HelenR23 profile image
HelenR23

Yes you must take your thyroid meds first thing with water and wait at least 2hrs before you have any milk products or other meds. I'm a huge anxiety sufferer and my antidepressants have messed up my thyroid so I take them at least 4hrs apart. Try and always take your antidepressant at the same time every day and never miss a dose or up/reduce the dose without advice. Unfortunately this can really play havoc on your thyroid.

Marz profile image
Marz

Taking all your meds together seems the most likely reason your conversion is poor.... 🌻

SlowDragon profile image
SlowDragonAdministrator

Oct 2021

TSH - 9 mu/L (0.27-4.2)

FT3 - 3.99 pmol/L (3.1-6.8)

FT4 - 17.1 pmol/L (12-22)

Thyroglobulin antibodies - 285 IU/ml (<115)

Thyroid peroxidase antibodies - 376 IU/ml (<34)

Folate - 2.19 ug/L (>3.89)

B12 - 92 pmol/L (37.5-188)

Vitamin D - 64.6 nmol/L (50-200)

Ferritin - 120 ug/L (13-150)

Did you take these results to GP in Oct 2021?

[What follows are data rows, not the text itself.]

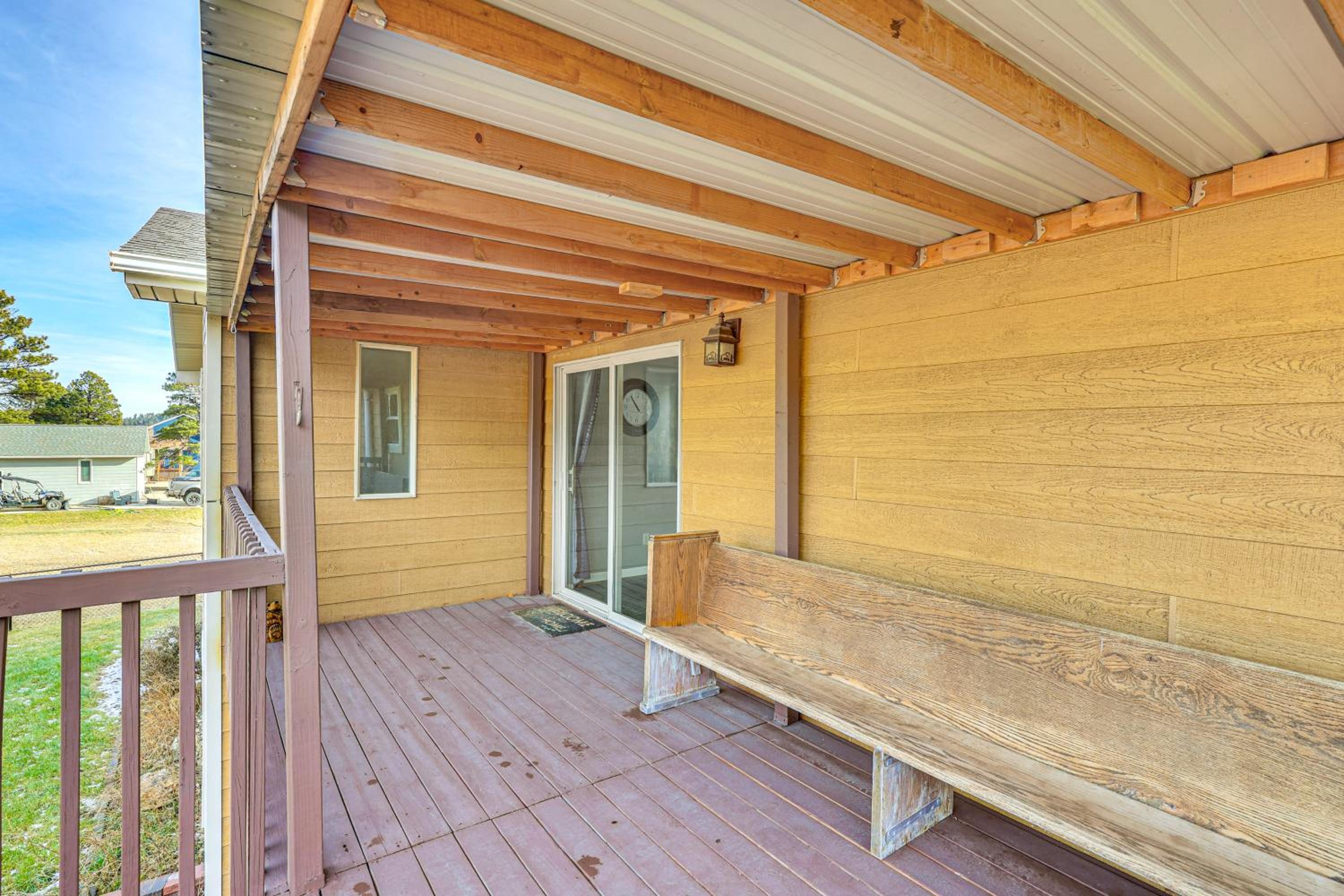 2 Mi to Main St, Sturgis! Spacious Group Getaway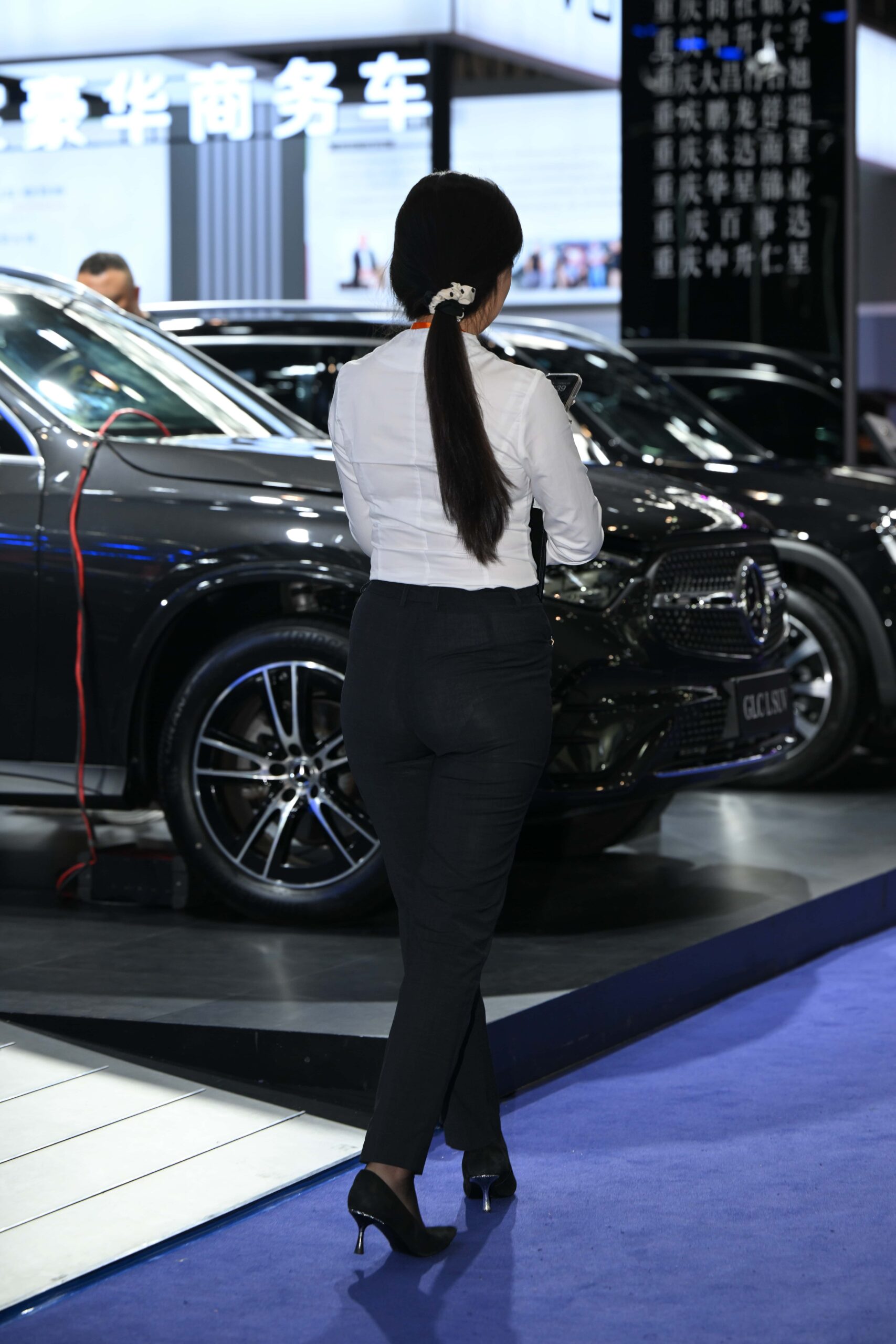 GS-X828 长裤，白衬衫的售车美眉 【61P 1.07G】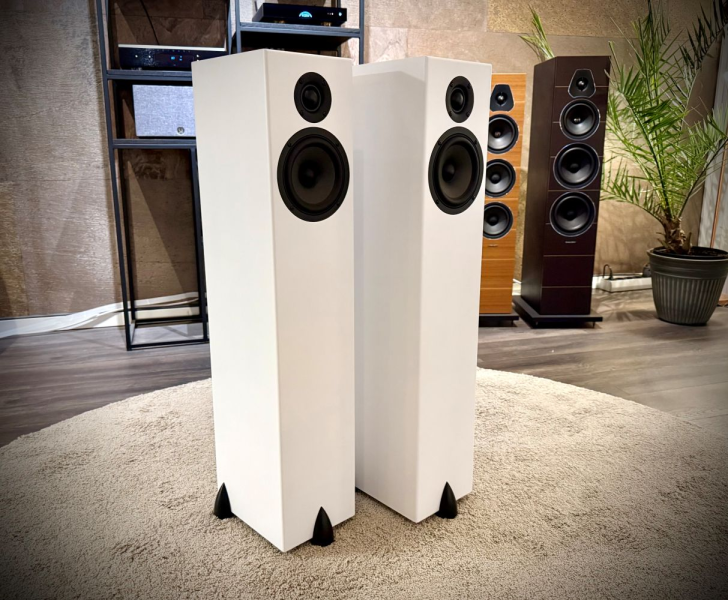 Totem Bison Tower - Demoex - Bild 1 av 3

GP should have prescribed folic acid

And done coeliac blood test

(assuming thyroid antibodies not tested before this)

Did that happen?

Owlbeok profile image
Owlbeok in reply toSlowDragon

yes and no they didn’t acknowledge

SlowDragon profile image
SlowDragonAdministrator in reply toOwlbeok

With thyroid disease unfortunately we need to be extremely pushy/pro-active

Current treatment and understanding of thyroid disease by many medics is poor

vast majority of endocrinologists are diabetes specialists and often useless for thyroid

Email Thyroid U.K. for list of thyroid specialist endocrinologists and doctors

tukadmin@thyroiduk.org

Not ready to see an endocrinologist yet anyway

Next step is to start taking levothyroxine correctly

Retest thyroid levels in 6-8 weeks

Meanwhile get vitamins tested and coeliac blood test

Depending on vitamin results, start supplementing any that need improvement to get to GOOD levels

And then trialling strictly gluten free diet

Quite likely to need to SLOWLY reduce levothyroxine dose too over next few months

Owlbeok profile image
Owlbeok in reply toSlowDragon

Just emailed for the list. Will get tested for the vitamins/coeliac in the meantime and look into gluten free diet where indicated. Thanks so much for all your advice. Really appreciate it.